I use torch.TransformerDecoder to generate a sequence, where each next token depends on itself and first 2 tokens [CLS] and first predicted one. So, steps of execution on inference, that i need:

  1. Start from sequence [CLS], [MASK], add positional embeddings and generate first predict, taking into consideration itself and [CLS] token (just causal mask)enter image description here
  2. Put few (i know the number based on first predict) [MASK] tokens to sequence [CLS], [PRED1].
  3. Suppose have sequence [CLS], [PRED1], [MASK], [MASK], [MASK], [MASK].
  4. Add position embeddings to them and compute tokens based on [CLS], [PRED1] and itself, so i suppose that attention mask should look like: enter image description here
  5. Do predict. Doing it, i see that [PRED1] is correct, one class after is also correct (output of first [MASK] after [PRED1]) and all other masks are just repeated of last predicted (output of first [MASK]). Look like this: [PRED1], [PRED2], [PRED2], [PRED2], [PRED2].
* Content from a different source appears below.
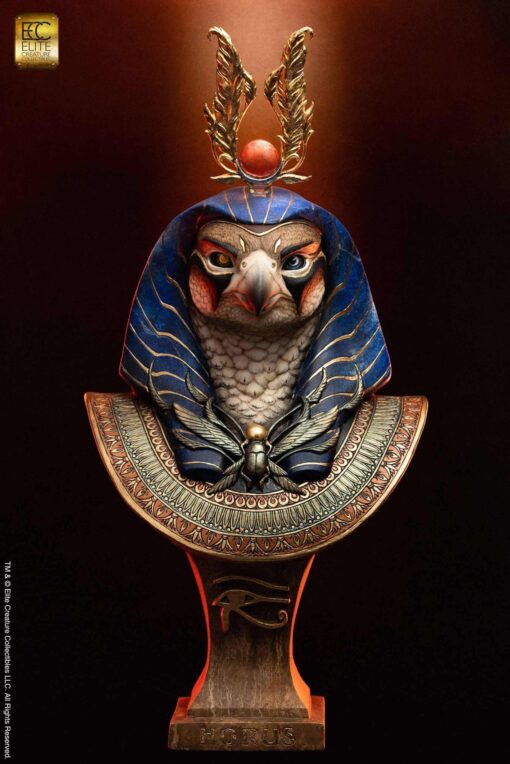 HORUS 1/1 BUST By Miyo Nakamura - CINEMAQUETTE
Steps of sequential proces:

  1. the same
  2. put only one mask token
  3. predict, so we get sequence [CLS], [PRED1], [PRED2]
  4. only then add new mask token [CLS], [PRED1], [PRED2], [MASK] and than do predict -> [CLS], [PRED1], [PRED2], [PRED3], where 3 is correct.
  5. So if i repeat till the end it works.
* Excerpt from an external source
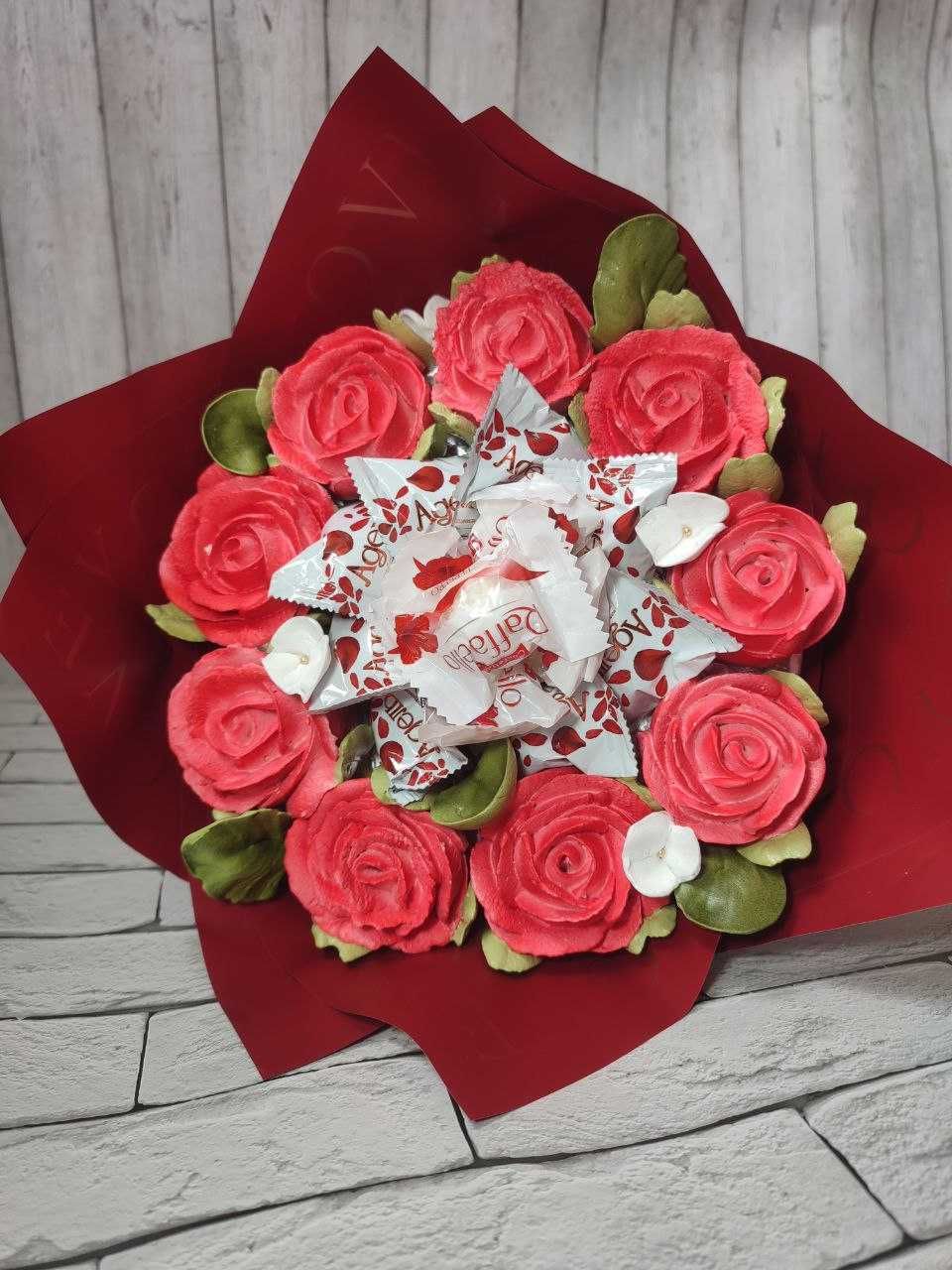 Букеты из Зефира и Конфет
But i need parallel processing of all prediction starting from the second.

How it was trained:

  1. In Dataset i get [CLS], [PRED1], [PRED2], [PRED3], [MASK]; also mask of what i going to predict masked_mask = [0, 0, 0, 0, 1] - the last one; and mask of what i see (it's always two first positions 1 + masked_mask) mask = [1, 1, 0, 0, 0] + masked_mask = [1, 1, 0, 0, 1]. (also i add paddings for batch training but it's also masked in mask by zero)
  2. In model i add positional embeddings to the input sequence and than i build causal_mask for prediction. i do it this way: cusal_mask = torch.tril(mask.unsqueeze(-1) * mask.unsqueeze(-2)) == 0 enter image description here so for my example this mask is: enter image description here

It's not convinient to show the code, that's why i tried to explain it. If there are some assumptions why it's not working, thanks!

i don't know what to do

1

There are 1 best solutions below

1
On

I think you're confusing masked language modeling (MLM) with causal language modeling (CLM).

MLM is used for models like BERT. For MLM training, a percentage of input tokens are replaced with [MASK] tokens, and the model predicts the true value of the [MASK] tokens using the other tokens in the sequence.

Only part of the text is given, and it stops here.